Data in this exercise:
----------------------------------------

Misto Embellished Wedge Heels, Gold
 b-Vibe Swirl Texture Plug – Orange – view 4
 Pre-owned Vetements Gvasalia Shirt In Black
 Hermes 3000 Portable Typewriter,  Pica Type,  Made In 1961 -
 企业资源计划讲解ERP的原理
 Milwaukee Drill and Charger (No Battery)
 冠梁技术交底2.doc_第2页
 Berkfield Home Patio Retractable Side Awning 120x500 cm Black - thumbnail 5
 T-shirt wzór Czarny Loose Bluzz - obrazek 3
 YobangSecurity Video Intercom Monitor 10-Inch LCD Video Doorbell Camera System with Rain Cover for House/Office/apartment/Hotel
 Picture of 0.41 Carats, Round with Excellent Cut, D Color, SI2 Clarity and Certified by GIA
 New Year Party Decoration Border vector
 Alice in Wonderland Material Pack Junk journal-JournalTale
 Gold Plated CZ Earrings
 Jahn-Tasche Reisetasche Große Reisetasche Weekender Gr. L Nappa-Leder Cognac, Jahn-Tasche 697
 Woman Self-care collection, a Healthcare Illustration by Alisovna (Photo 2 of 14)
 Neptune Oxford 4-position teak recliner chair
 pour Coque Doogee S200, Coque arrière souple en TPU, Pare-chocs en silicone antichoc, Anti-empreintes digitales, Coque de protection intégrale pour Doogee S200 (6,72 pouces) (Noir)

----------------------------------------

What to produce: Look above for the line with "企业资源计划讲解ERP的原理" and the line with "Neptune Oxford 4-position"; transcribe both and all lines in between, exactly, and nothing else.

Task result:
 企业资源计划讲解ERP的原理
 Milwaukee Drill and Charger (No Battery)
 冠梁技术交底2.doc_第2页
 Berkfield Home Patio Retractable Side Awning 120x500 cm Black - thumbnail 5
 T-shirt wzór Czarny Loose Bluzz - obrazek 3
 YobangSecurity Video Intercom Monitor 10-Inch LCD Video Doorbell Camera System with Rain Cover for House/Office/apartment/Hotel
 Picture of 0.41 Carats, Round with Excellent Cut, D Color, SI2 Clarity and Certified by GIA
 New Year Party Decoration Border vector
 Alice in Wonderland Material Pack Junk journal-JournalTale
 Gold Plated CZ Earrings
 Jahn-Tasche Reisetasche Große Reisetasche Weekender Gr. L Nappa-Leder Cognac, Jahn-Tasche 697
 Woman Self-care collection, a Healthcare Illustration by Alisovna (Photo 2 of 14)
 Neptune Oxford 4-position teak recliner chair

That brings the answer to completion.